On 2/19/19 9:12 AM, Jann Horn wrote:
> On Mon, Feb 11, 2019 at 8:01 PM Jens Axboe <[email protected]> wrote:
>> We normally have to fget/fput for each IO we do on a file. Even with
>> the batching we do, the cost of the atomic inc/dec of the file usage
>> count adds up.
>>
>> This adds IORING_REGISTER_FILES, and IORING_UNREGISTER_FILES opcodes
>> for the io_uring_register(2) system call.

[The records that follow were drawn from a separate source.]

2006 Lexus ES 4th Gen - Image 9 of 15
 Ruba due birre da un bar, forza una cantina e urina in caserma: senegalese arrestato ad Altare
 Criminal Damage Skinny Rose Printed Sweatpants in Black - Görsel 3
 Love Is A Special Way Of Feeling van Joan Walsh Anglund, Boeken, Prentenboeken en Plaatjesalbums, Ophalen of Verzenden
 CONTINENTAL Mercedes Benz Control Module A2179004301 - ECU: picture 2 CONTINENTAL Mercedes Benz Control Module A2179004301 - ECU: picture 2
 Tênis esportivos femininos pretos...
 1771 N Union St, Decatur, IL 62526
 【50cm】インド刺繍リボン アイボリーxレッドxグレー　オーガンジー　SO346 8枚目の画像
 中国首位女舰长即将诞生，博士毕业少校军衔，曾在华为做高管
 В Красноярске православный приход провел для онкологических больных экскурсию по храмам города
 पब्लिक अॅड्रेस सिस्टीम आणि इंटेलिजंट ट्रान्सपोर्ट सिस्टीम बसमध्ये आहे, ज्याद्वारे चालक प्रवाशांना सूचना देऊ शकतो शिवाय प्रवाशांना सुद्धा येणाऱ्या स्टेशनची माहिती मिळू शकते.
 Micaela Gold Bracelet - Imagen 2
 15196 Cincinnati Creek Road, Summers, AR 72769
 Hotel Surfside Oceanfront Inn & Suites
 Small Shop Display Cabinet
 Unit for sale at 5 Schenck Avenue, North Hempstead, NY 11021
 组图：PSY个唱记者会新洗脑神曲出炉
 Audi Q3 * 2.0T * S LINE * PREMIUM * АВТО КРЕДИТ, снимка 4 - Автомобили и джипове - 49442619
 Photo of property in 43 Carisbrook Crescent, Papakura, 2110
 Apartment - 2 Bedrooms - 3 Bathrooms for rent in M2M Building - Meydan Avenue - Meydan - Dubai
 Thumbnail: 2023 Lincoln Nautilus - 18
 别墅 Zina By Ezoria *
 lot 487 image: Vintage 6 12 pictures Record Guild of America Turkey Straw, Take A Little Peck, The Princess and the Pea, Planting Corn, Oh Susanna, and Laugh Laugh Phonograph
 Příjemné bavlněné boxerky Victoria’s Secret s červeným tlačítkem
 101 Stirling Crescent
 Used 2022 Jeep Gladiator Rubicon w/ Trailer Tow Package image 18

The arguments passed in must
>> be an array of __s32 holding file descriptors, and nr_args should hold
>> the number of file descriptors the application wishes to pin for the
>> duration of the io_uring instance (or until IORING_UNREGISTER_FILES is
>> called).
>>
>> When used, the application must set IOSQE_FIXED_FILE in the sqe->flags
>> member. Then, instead of setting sqe->fd to the real fd, it sets sqe->fd
>> to the index in the array passed in to IORING_REGISTER_FILES.
>>
>> Files are automatically unregistered when the io_uring instance is torn
>> down. An application need only unregister if it wishes to register a new
>> set of fds.
>>
>> Reviewed-by: Hannes Reinecke <[email protected]>
>> Signed-off-by: Jens Axboe <[email protected]>
>> ---
> [...]
>> @@ -1335,6 +1379,161 @@ static int io_cqring_wait(struct io_ring_ctx *ctx,
>> int min_events,
>> return READ_ONCE(ring->r.head) == READ_ONCE(ring->r.tail) ? ret : 0;
>> }
>>
>> +static void __io_sqe_files_unregister(struct io_ring_ctx *ctx)
>> +{
>> +#if defined(CONFIG_UNIX)
>> + if (ctx->ring_sock) {
>> + struct sock *sock = ctx->ring_sock->sk;
>> + struct sk_buff *skb;
>> +
>> + while ((skb = skb_dequeue(&sock->sk_receive_queue)) != NULL)
>> + kfree_skb(skb);
>> + }
>> +#else
>> + int i;
>> +
>> + for (i = 0; i < ctx->nr_user_files; i++)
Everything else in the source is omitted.